------ DATA PROVIDED

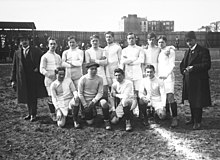 L’équipe du Luxembourg de football pose devant l’objectif d’un photographe de l’Agence Roll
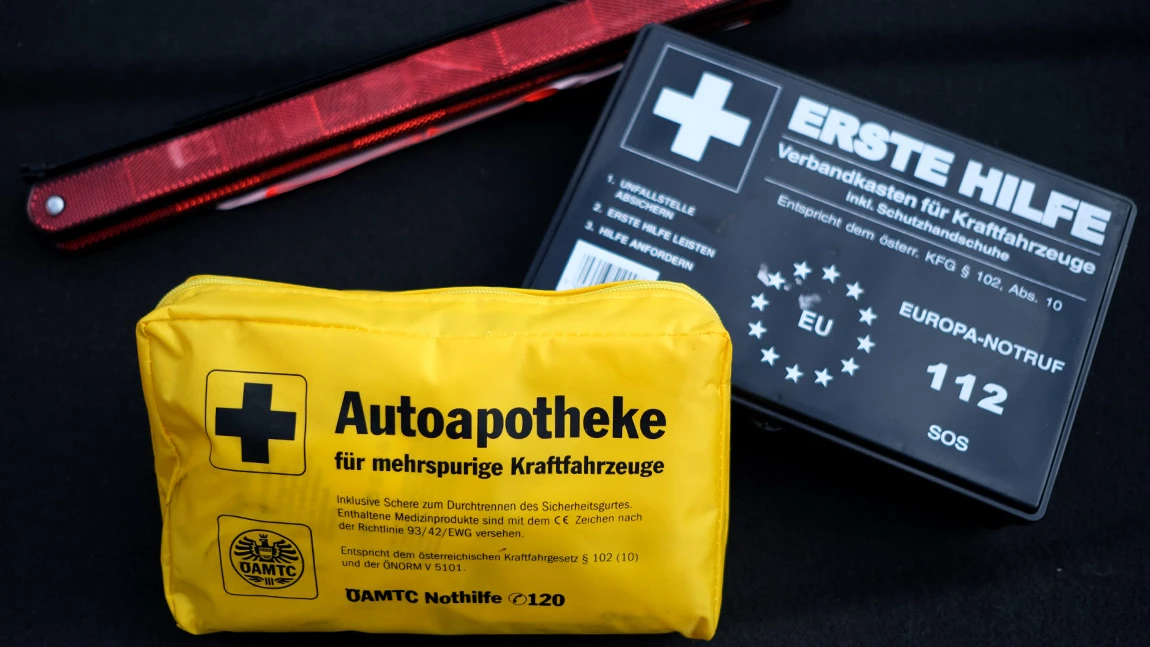 Verbandskasten fürs Auto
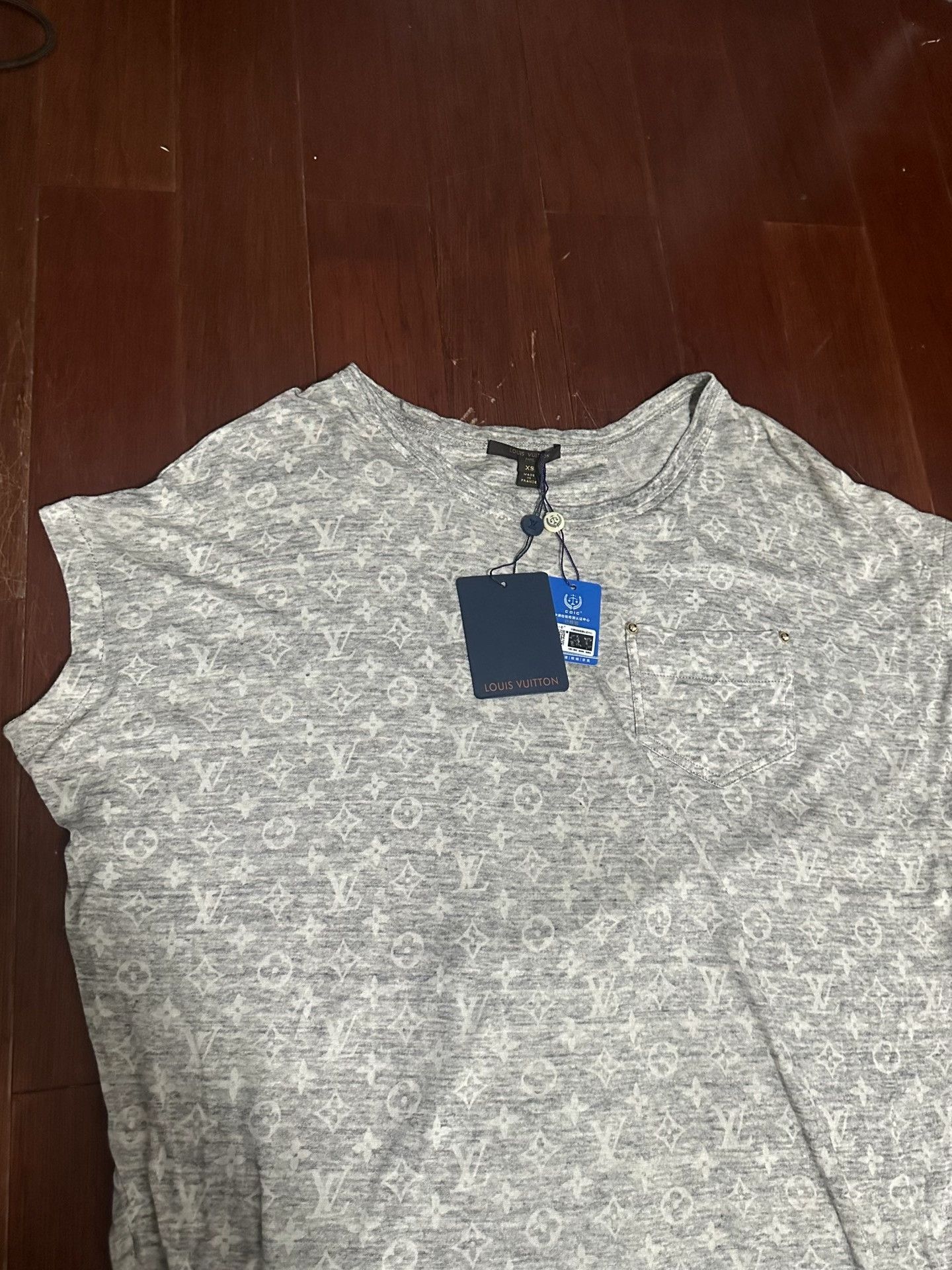 Louis Vuitton LV Monogram Print Short Sleeve T-Shirt Size XS / US 0-2 / IT 36-38 - 2 Thumbnail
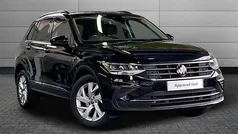Black Used 2022 VW Tiguan Life SUV | £20,994 (Fair price)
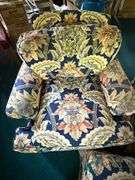 2 Chairs 1 foot rest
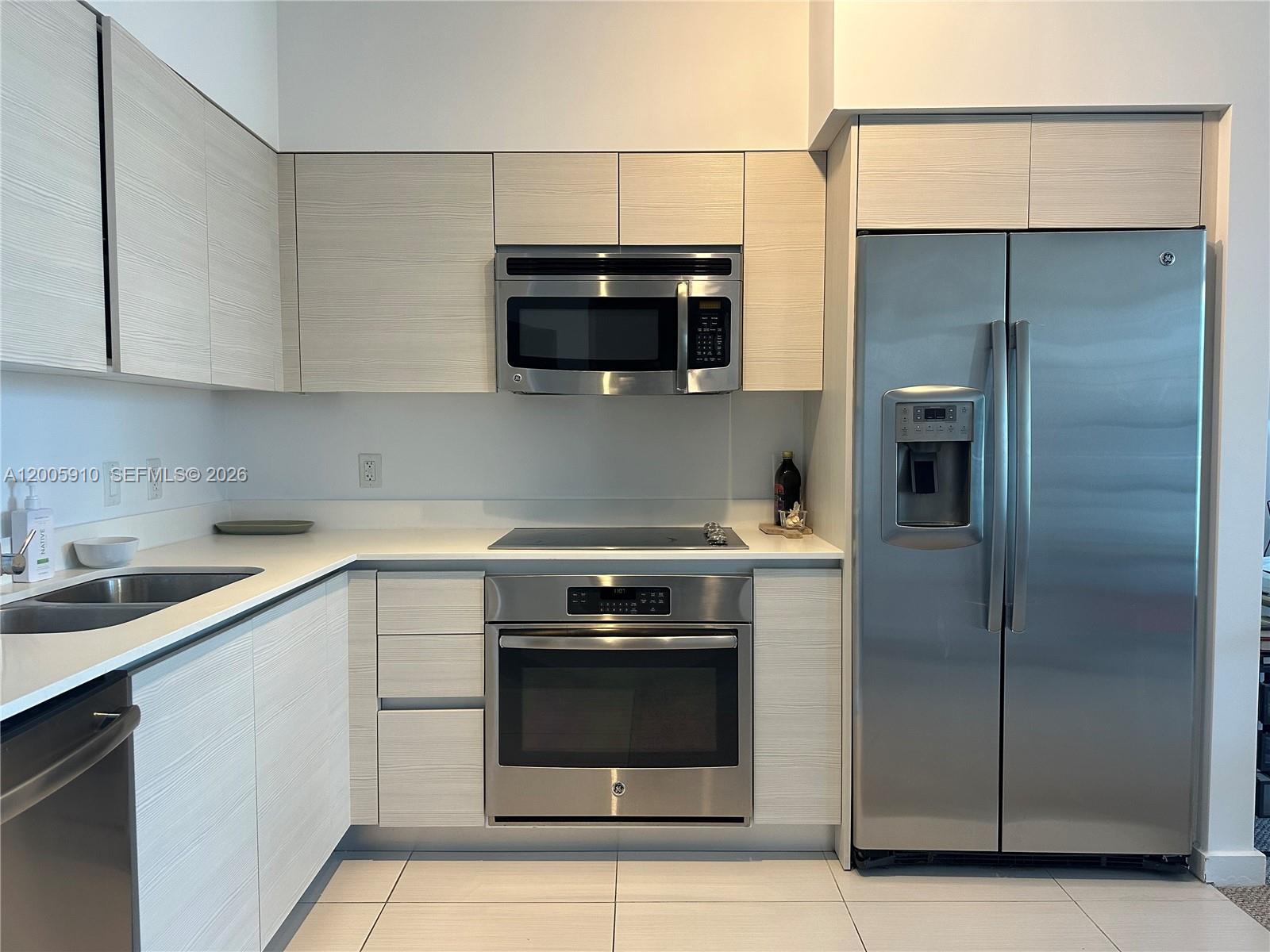 4250 Biscayne Blvd # 1004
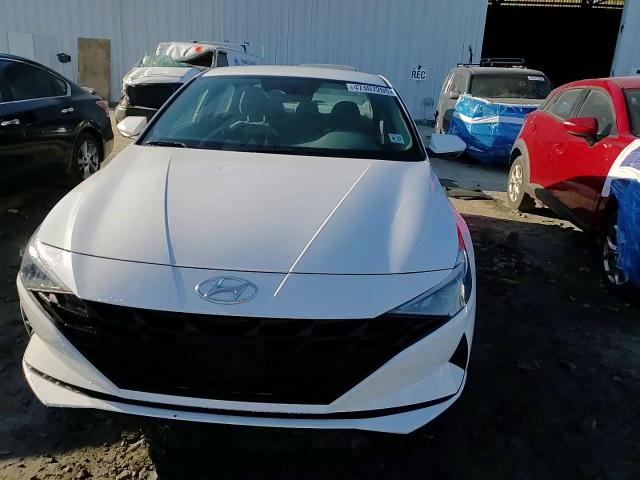 2023 Hyundai Elantra - Image 13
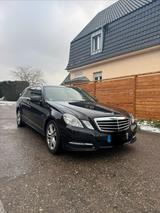 Mercedes-Benz Mercedes Benz W212 220CDI - Mercedes-Benz 220 mit Diesel-Antrieb: Cdi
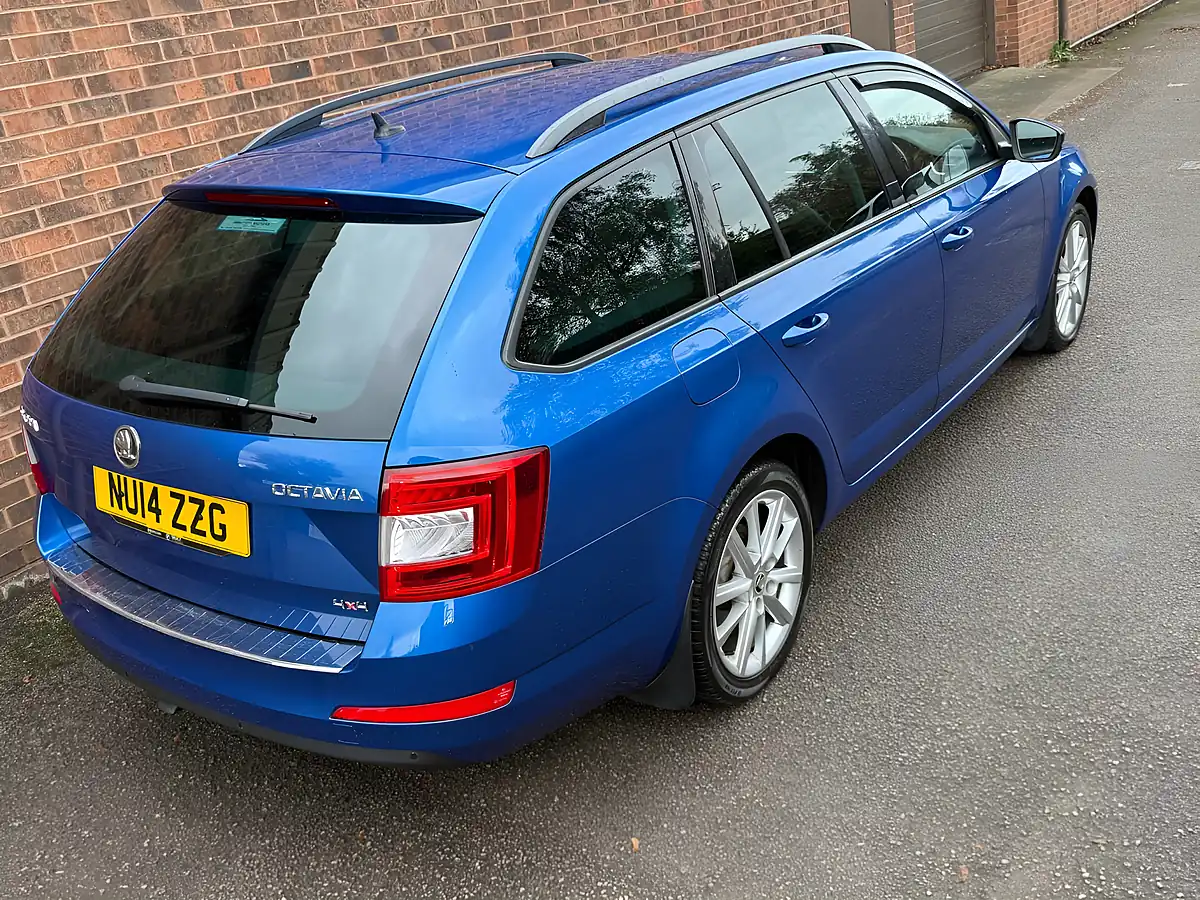 Used 2014 Skoda Octavia Elegance Blue - Interior and Exterior details 4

------------

### TO DO
Restate the data above word for word. Do not include the images.

### SOLUTION TO THE EXERCISE
 L’équipe du Luxembourg de football pose devant l’objectif d’un photographe de l’Agence Roll
 Verbandskasten fürs Auto
 Louis Vuitton LV Monogram Print Short Sleeve T-Shirt Size XS / US 0-2 / IT 36-38 - 2 Thumbnail
Black Used 2022 VW Tiguan Life SUV | £20,994 (Fair price)
 2 Chairs 1 foot rest
 4250 Biscayne Blvd # 1004
 2023 Hyundai Elantra - Image 13
 Mercedes-Benz Mercedes Benz W212 220CDI - Mercedes-Benz 220 mit Diesel-Antrieb: Cdi
 Used 2014 Skoda Octavia Elegance Blue - Interior and Exterior details 4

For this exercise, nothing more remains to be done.